Arab Commission for Human Rights اللجنة العربية لحقوق الإنسان Commission Arabe des Droits Humains
- Founded: January 17, 1998
- Type: Non-profit NGO
- Location: formally registered in Paris, 2/3 members live in Arab world, 1/3 in Europe;
- Region served: Arab world
- Fields: human rights
- Members: 15 founders in 1998
- Key people: Violette Daguerre, Moncef Marzouki, Haytham Manna
- Website: www.achr.nu

= Arab Commission for Human Rights =

The Arab Commission for Human Rights (اللجنة العربية لحقوق الإنسان / Commission Arabe des Droits Humains / ACHR) is an Arab world non-governmental human rights organisation that was founded in 1998.

==Founding==
The Arab Commission for Human Rights is a human rights non-governmental organisation founded on 17 January 1998 by 15 human rights activists from around the Arab world, that bases its work in the 1948 Universal Declaration of Human Rights (UDHR), the International Covenant on Economic, Social and Cultural Rights (ICESC), and the International Covenant on Civil and Political Rights (ICCPR). The ACHR claims to avoid any political affiliation. The ACHR aims to cover all human rights as being divisible in order to avoid the "western" vision of organisations of the "North" which limit their human rights advocacy to "arbitrary detention, judicial supervision, enforced disappearances, and torture."

==Leadership==
The ACHR has a 15-member Board of Directors led by President Violette Daguerre from Lebanon. The Board includes Tunisian human rights activist and interim President of Tunisia Moncef Marzouki. Haytham Manna from Syria helped create the ACHR, becoming its spokesperson. He resigned from his role as ACHR spokesperson, while remaining a "non-office-holding" member, when in 2011 he helped found and take a leading role in the National Coordination Committee for Democratic Change in Syria.
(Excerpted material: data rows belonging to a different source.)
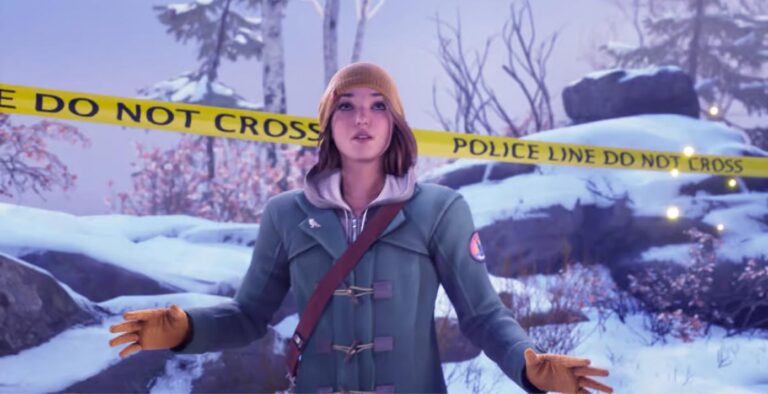 Life is Strange Double Exposure Demo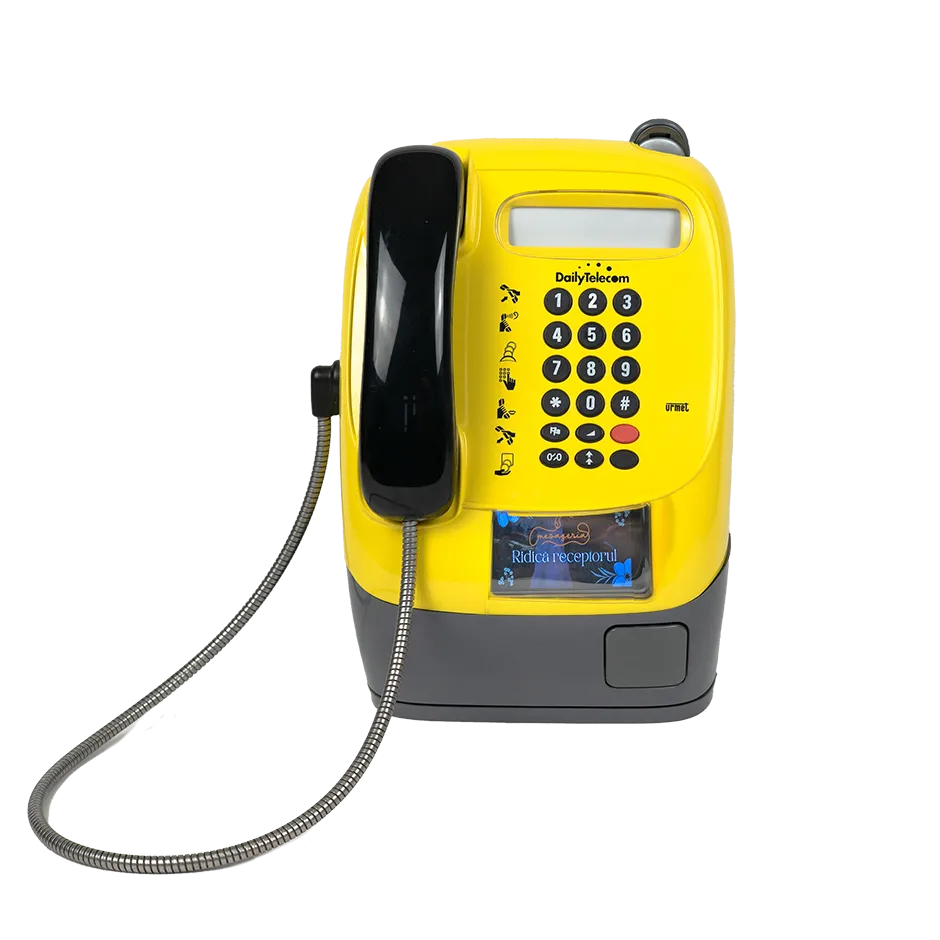 telefon audio-video guestbook mesageria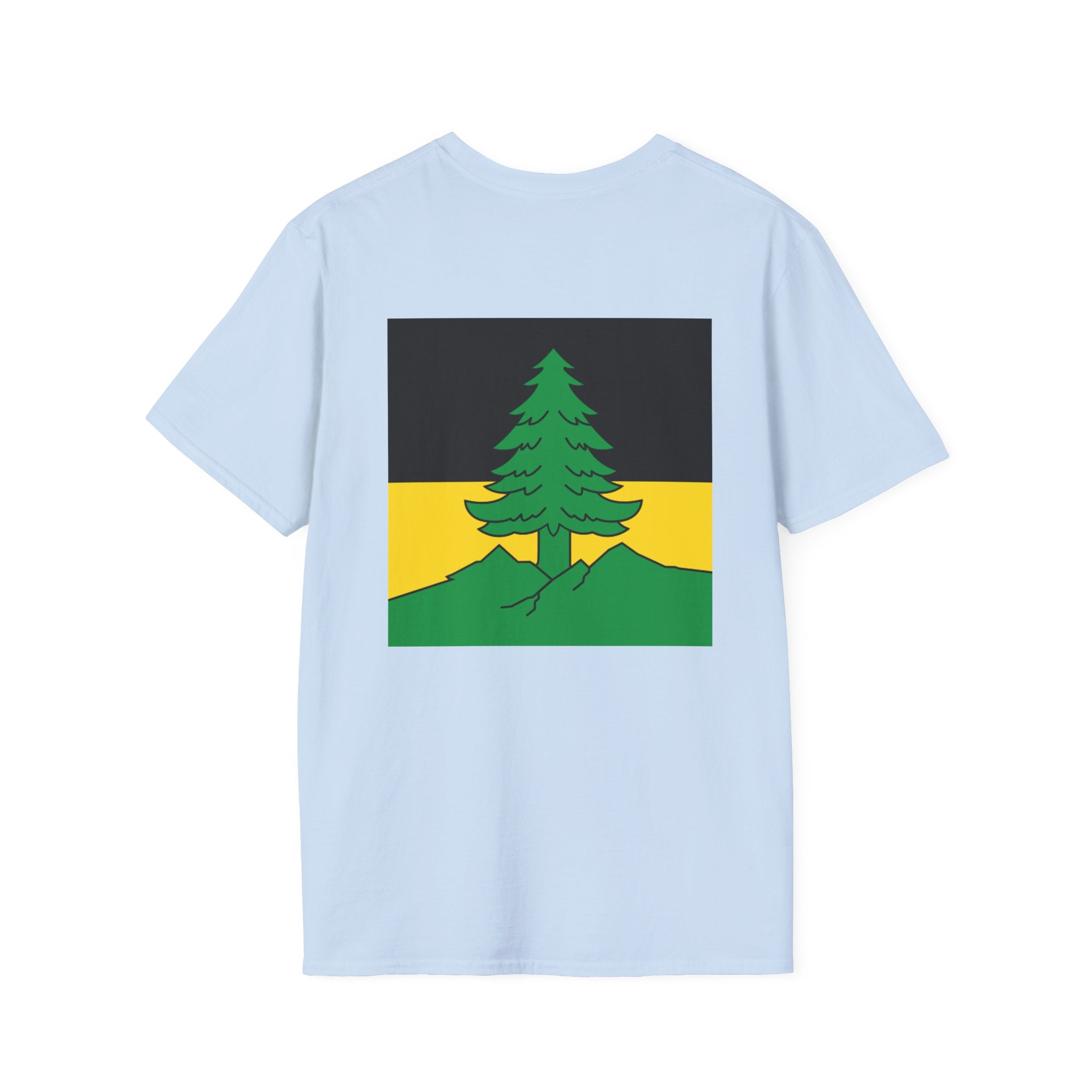 Tee-shirt manches courtes Leysin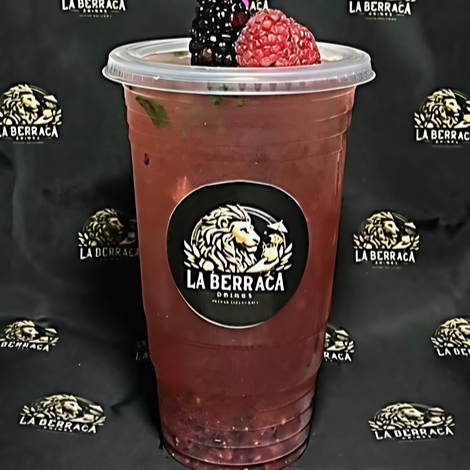 MOJITO FRUTOS ROJOS 1L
==2009 suspension from United Nations Economic and Social Council==
In June 2008, Algerian human rights lawyer and activist Rachid Mesli spoke at a United Nations event in Geneva on behalf of the Arab Commission for Human Rights. Algeria complained that Mesli had been charged with terrorism in 1999, and on 26 January 2009, representatives from the United Kingdom, Egypt, Sudan, Qatar and Algeria, along with other states, voted 18 to 0 (plus 1 abstention) to suspend the ACHR from the United Nations Economic and Social Council (ECOSOC).